*** Opening of Provided entries ***
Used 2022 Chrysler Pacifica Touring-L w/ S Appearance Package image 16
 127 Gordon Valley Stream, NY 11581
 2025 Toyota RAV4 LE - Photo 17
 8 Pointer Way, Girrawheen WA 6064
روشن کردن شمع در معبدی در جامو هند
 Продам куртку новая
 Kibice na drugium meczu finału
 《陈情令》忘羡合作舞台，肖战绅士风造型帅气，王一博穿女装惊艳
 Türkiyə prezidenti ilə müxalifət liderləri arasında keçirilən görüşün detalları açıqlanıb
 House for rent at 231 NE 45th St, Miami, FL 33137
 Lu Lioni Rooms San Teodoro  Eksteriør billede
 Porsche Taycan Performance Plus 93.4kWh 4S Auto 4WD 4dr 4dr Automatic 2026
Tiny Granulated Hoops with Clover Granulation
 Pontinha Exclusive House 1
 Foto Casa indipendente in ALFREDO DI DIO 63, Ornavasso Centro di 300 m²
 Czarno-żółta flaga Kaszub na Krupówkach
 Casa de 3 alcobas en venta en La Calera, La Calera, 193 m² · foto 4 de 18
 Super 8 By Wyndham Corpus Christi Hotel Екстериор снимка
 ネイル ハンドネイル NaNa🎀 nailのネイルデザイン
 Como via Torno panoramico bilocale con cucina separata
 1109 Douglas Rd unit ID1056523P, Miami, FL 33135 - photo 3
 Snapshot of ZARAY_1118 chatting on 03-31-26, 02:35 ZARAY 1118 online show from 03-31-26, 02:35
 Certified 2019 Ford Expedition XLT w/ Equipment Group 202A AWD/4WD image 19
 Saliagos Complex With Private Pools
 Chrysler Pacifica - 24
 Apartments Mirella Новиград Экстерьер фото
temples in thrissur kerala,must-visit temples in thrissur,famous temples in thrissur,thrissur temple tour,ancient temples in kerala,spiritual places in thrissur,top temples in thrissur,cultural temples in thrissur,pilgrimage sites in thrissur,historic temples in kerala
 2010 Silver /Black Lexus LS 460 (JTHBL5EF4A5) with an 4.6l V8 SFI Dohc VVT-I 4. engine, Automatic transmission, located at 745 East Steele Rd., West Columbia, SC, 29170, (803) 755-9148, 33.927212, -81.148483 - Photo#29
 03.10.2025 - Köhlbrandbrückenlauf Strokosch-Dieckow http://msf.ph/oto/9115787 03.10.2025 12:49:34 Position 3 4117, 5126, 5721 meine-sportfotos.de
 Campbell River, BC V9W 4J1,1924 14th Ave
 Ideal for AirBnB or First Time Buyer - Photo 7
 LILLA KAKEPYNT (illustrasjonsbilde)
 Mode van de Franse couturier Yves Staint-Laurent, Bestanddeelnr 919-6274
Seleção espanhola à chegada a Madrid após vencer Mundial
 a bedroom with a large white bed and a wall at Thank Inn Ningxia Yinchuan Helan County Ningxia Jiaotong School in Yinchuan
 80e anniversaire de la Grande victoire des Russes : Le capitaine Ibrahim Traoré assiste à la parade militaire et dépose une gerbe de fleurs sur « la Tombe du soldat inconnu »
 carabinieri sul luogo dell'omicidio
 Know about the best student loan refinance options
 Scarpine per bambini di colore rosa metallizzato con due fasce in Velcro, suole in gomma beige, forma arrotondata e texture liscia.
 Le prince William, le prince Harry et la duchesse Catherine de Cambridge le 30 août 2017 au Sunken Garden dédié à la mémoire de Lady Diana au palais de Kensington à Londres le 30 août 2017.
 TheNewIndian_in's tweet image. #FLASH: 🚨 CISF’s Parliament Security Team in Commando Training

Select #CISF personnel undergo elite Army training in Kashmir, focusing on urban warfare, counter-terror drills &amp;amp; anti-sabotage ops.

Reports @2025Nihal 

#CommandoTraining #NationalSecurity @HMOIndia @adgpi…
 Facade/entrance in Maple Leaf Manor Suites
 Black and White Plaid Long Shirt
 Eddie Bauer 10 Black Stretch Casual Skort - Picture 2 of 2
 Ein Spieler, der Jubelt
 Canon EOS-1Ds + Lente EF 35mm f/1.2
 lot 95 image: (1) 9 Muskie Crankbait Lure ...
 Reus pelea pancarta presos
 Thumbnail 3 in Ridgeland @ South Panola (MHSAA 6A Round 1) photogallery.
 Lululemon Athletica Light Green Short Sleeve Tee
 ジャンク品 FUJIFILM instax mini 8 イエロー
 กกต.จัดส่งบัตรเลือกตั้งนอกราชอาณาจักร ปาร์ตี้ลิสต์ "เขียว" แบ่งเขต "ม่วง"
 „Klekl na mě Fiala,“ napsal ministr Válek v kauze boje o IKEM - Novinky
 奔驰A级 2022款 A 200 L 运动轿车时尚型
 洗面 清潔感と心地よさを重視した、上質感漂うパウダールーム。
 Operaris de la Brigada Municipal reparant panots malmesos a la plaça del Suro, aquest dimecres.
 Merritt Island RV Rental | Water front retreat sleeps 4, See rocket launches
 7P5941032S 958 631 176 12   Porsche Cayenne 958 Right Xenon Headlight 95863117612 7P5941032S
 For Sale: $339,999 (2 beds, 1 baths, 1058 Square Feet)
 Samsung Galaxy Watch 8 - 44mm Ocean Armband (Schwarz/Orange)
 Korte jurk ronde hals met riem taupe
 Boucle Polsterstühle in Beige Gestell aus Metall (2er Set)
*** Close of Provided entries ***
Exercise instructions
Your answer should be every line from the material above in which the word "Chrysler" appears.

Answer space
Used 2022 Chrysler Pacifica Touring-L w/ S Appearance Package image 16
 Chrysler Pacifica - 24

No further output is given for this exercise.